Медленно, не выпуская тапка из виду, я стал подходить к Сопелкиной. Она ждала, уперев руки в бока. Из-за стекла поверх надписи «Огурцы маринованные» смотрели два ее круглых глаза. Я уже потянулся к банке, но в этот самый момент Сопелкина выбросила руки вперед, схватила меня за плечи и резко притянула к себе. Затем откинула назад голову, помедлила, наверно, с секунду и опустила свою голову на мою.
Послышался звон стекла, в глазах моих стало пасмурно, а в уши вонзился крик:
– Ну, ироды, ну, погодите, вам это так, задешево, не пройдет!
Глава седьмая. Водятся ли в Африке комары?
– Видел я вашего старичка, по приметам – тот, – насупившись, рассказывал Шкипидаров.
Дело было в среду после уроков, вечером. Мы сидели в древнем кузове пятитонки. Вокруг спали грузовики. Собака Вовка мирно подремывала у будки, охраняя автобазу от расхитителей. Лёшка, ученик сторожа, терся возле нашей компании и посасывал заноженный палец.
Автобаза была маленькая, игрушечная, примерно, на десяток машин да на новенький мотоцикл «Ява», поставленный на вечерний прикол известным мотоциклетным асом Костей-Американцем-старшим.

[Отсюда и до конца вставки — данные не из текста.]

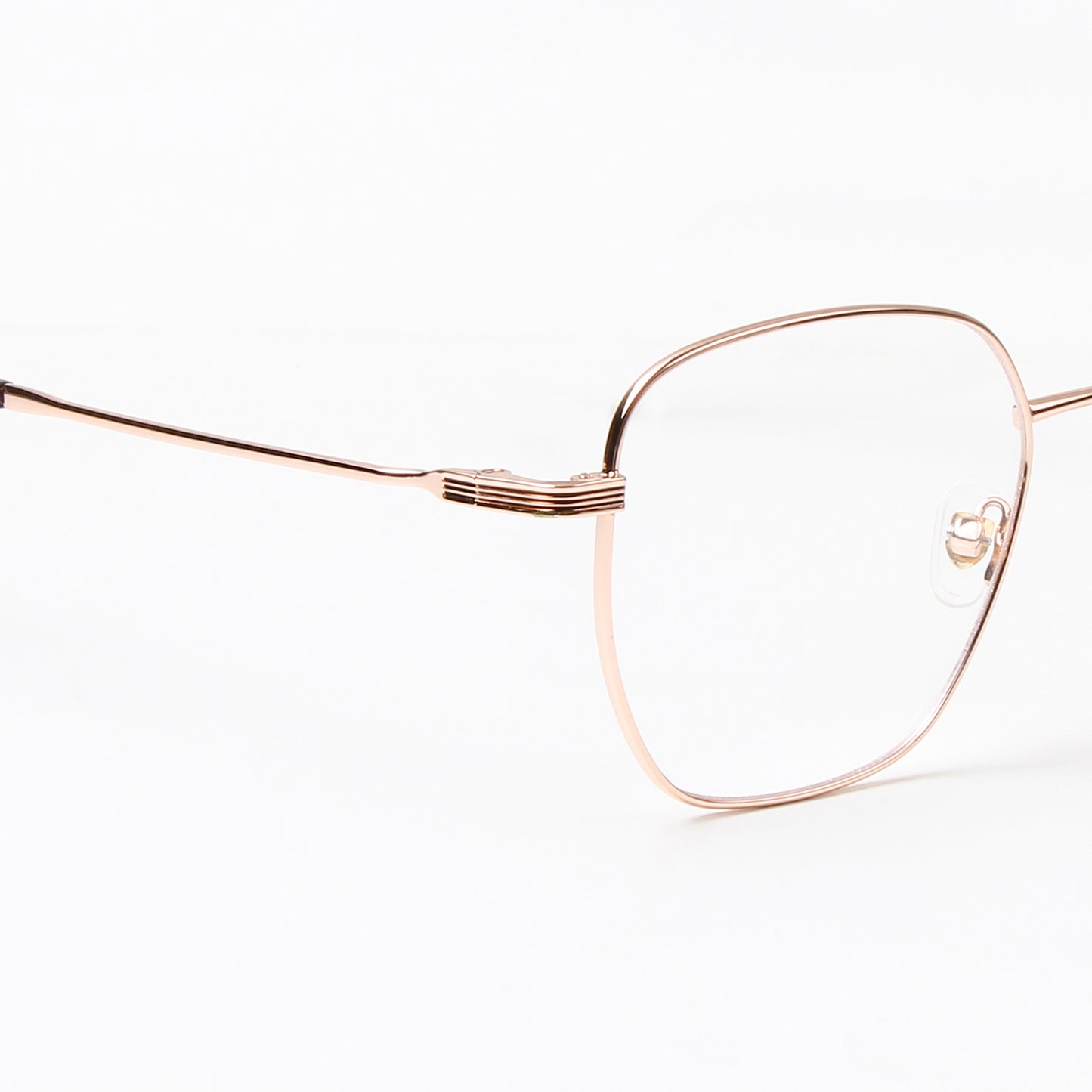 LINUS | UNISEX WAYFARER COMPUTER GLASSES (IN 4 COLORS)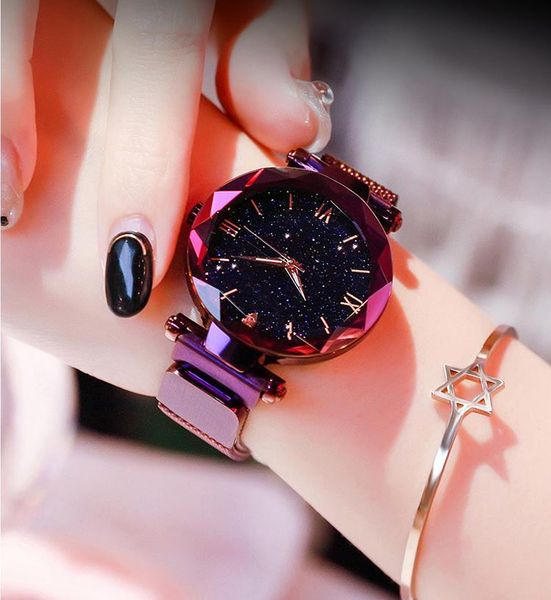 

Relógios de pulso dhgate6699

Располагалась она здесь же на нашей улице, по соседству, между домами тринадцатым и одиннадцатым.
Сторож базы, Ёжиков дядя Коля, по нечётным числам по вечерам проводил свое рабочее время в бане на Усачёва, передав ученику Лёшке законные державу и скипетр, то есть медный свисток с цепочкой и древнее нестреляющее ружье. Сегодня было как раз нечётное.
Дядя Коля был наш старый знакомый; прошлой осенью, когда улицу перекопали по случаю прорыва канализации, мы вытащили дядю Колю из рва, куда его закатило ветром. Поэтому территория автобазы, где дядя Коля был царь и бог, стала для нас родной. Здесь, в кузове пятитонки, отъездившей своё еще во времена татаро-монгольского ига, мы обычно собирались по вечерам. Кузов был нашим штабом, здесь мы строили планы, здесь мы играли в ножички; на базу, кроме меня и Щелчкова да нескольких наших верных приятелей, посторонних никого не пускали.
Шкипидаров устроился на обрезке шины, я и Щелчков сидели на деревянной лавочке, тянущейся вдоль борта списанного инвалида-грузовика. Лёшка стоял снаружи, опираясь на вверенное ему ружье. На груди его поверх пиджака, будто крупный геройский орден, мирно висел свисток.